“We wish to plead our own cause. Too long have others spoken for us. Too long has the public been deceived by representations.” — Freedom’s Journal
Black Americans need to deal with the reality that racism remains a major obstacle to Black progress, as such the Black Press should be considered to be “an American institution.” In conjunction with the church, the Black Press is a pillar of Black American communities. Since 1827, the Black Press has been The Black Voice in America. Sadly too many millennials know the Black Press and the way that it has chronicled and commented upon events as they have occurred and affected African Americans.
First they were businessman pursuing profits, but from inception, the Black Press has been a change agent shining a light on the plight of Blacks and giving them the power to write and report their own narratives.
“Today the Black Press is more relevant than ever,” says Dorothy R. Leavell, chairman of the National Newspaper Publishers Association (NNPA), a trade association of the more than 200 African-American-owned community newspapers from around the United States. The Black publishers say they comprise a combined readership of 15 million and are into the digital age with an electronic news service to provide real-time news and information to its national constituency and thus that the Black Press continues to fulfill the declaration: “We wish to plead our own cause.”
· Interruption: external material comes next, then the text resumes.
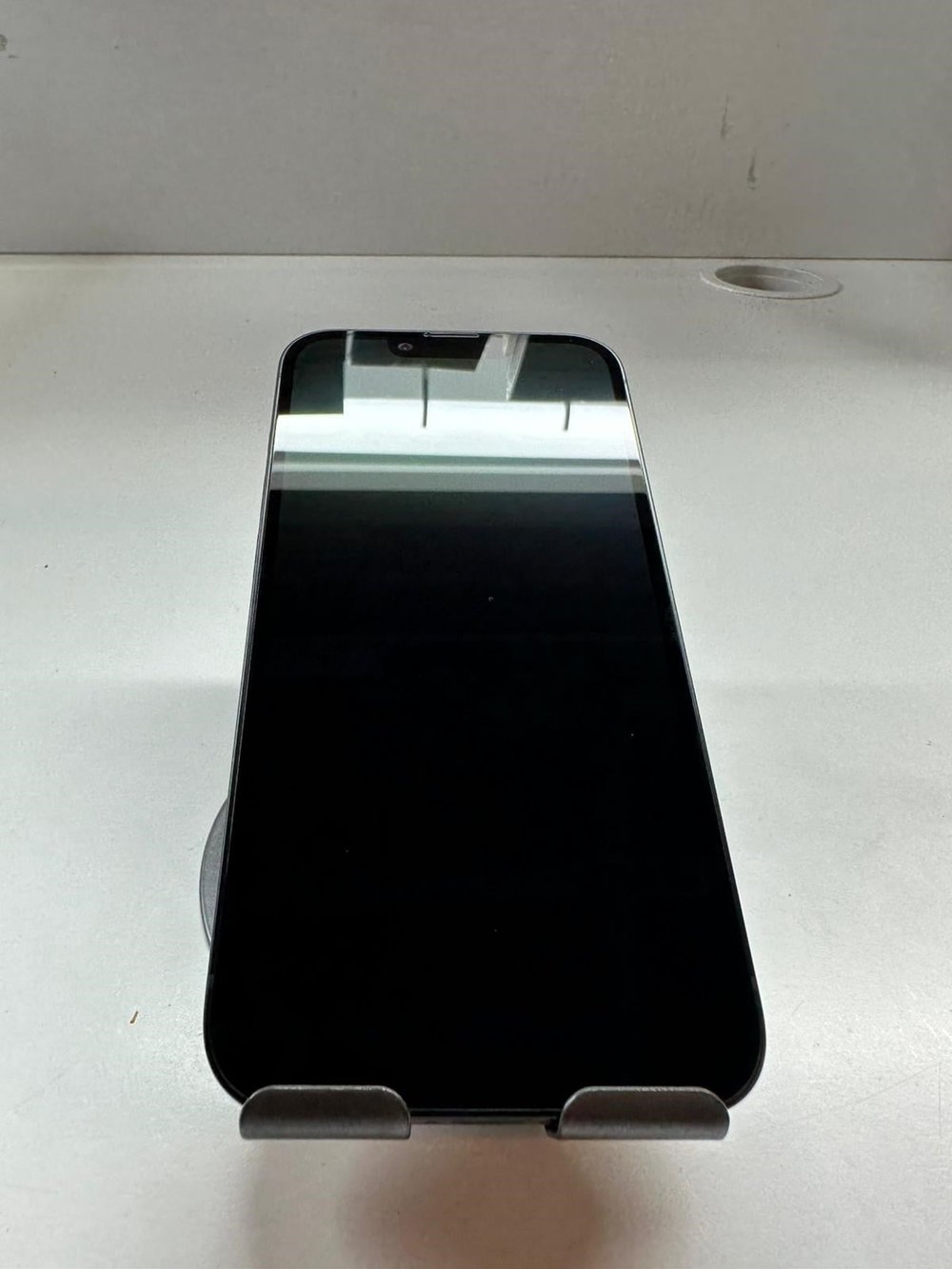 iPhone 16 E - 128 GB - Siyah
Since slavery, Black-owned papers have had a finger on the pulse of Blacks’ progress. Like so many of their American small-business counterparts, Black newspaper operations are largely family-owned, often in third or fourth generation of ownership. Today’s Black Press is appreciated as crucial to ethnic progress. One of the principles in urban commercial corridors, the Black Press are stakeholders where we live. Often property owners and employment sites, Black newspapers are still the mediums for dealing with Blacks’ political debate and and advocacy. To accrue more power, Blacks need come back to the people and medium that fought against segregation, demanded equal rights and helped elect politicians to office.
Time to revere the Black Press is a critical — but too often ignored — aspect of African-American history and culture. Black papers gained their prominence as the Great Migration pulled African Americans away from the rural South in the era of Jim Crow, the numbers of Black newspapers and periodicals exploded along with urban Black populations. Businesses for publishers millionaire like Robert Abbott and Robert Vann, since its founding the NNPA has consistently been the voice of Black communities.
Black Press publications deserve a look and opportunity as Black Americans’ choice sources for business, careers, technology and wealth-building information. It has been central to community formation, protest and advocacy, education and literacy, and economic self-sufficiency. Black newspapers are “where we are.” During the time of their existence, Black newspapers have been main tenants along MLK business corridors normally housed next to the funeral home, insurance agent and Black-owned entertainment venue that African Americans frequented before integration.